Work item: Give again, exactly as written, the lines of the records below from the line with "This enables quick" to the line with "We can view". Both end lines count; pictures do not.

Task material:
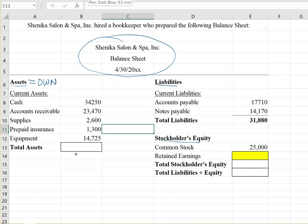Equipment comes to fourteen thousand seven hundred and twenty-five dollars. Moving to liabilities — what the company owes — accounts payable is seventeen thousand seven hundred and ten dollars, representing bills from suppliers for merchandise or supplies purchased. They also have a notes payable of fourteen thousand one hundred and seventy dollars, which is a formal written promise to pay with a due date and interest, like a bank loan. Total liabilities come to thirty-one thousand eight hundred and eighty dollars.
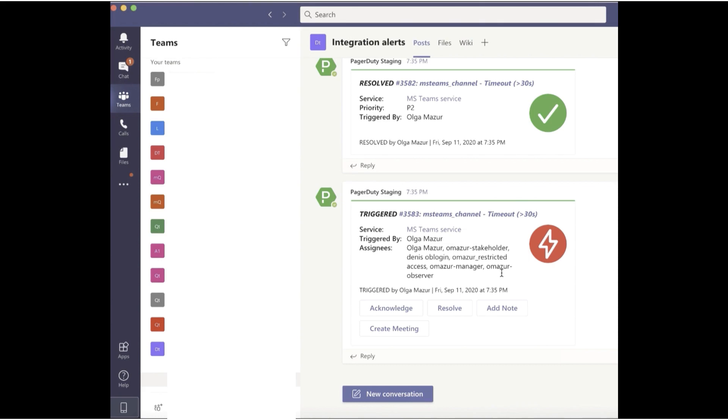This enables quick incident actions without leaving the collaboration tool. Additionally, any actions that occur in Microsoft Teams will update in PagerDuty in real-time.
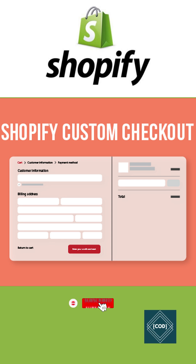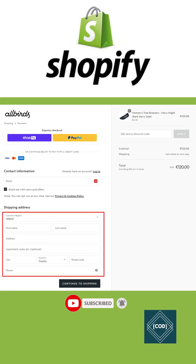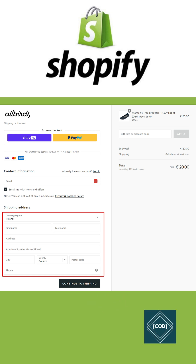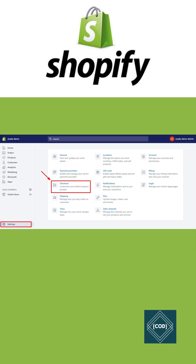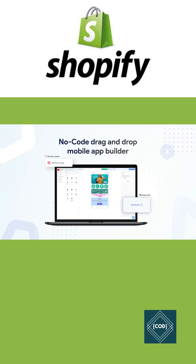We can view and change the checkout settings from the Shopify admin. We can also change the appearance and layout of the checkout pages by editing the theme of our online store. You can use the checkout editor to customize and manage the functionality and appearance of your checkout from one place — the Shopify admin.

==

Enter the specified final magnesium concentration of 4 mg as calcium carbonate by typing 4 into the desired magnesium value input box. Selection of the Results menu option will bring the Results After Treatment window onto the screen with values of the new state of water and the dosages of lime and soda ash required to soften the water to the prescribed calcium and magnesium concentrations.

Exercise result:
This enables quick incident actions without leaving the collaboration tool. Additionally, any actions that occur in Microsoft Teams will update in PagerDuty in real-time.
We can view and change the checkout settings from the Shopify admin. We can also change the appearance and layout of the checkout pages by editing the theme of our online store. You can use the checkout editor to customize and manage the functionality and appearance of your checkout from one place — the Shopify admin.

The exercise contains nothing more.